→ **Data for this exercise**:

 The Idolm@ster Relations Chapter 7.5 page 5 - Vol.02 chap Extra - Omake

* * *

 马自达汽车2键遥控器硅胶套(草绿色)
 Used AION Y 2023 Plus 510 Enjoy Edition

---

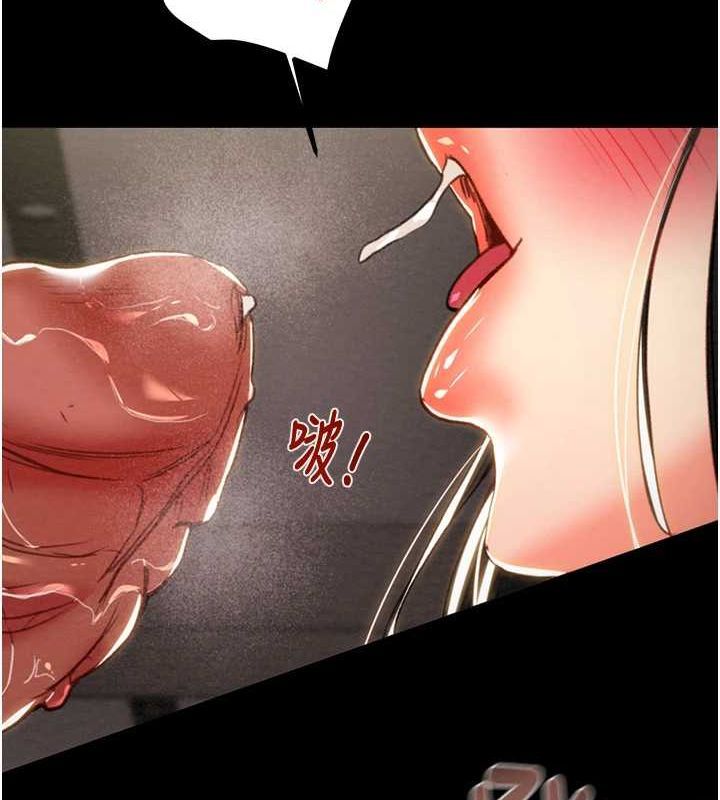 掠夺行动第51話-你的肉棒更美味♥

→ **To do**: Retype the records above, but only those lines that fall between the line containing "马自达汽车2键遥控器硅胶套(草绿色)" and the line containing "Used AION Y 2023 Plus 510 Enjoy Edition", with both of those lines included, exactly as written.

→ **Response**:
 马自达汽车2键遥控器硅胶套(草绿色)
 Used AION Y 2023 Plus 510 Enjoy Edition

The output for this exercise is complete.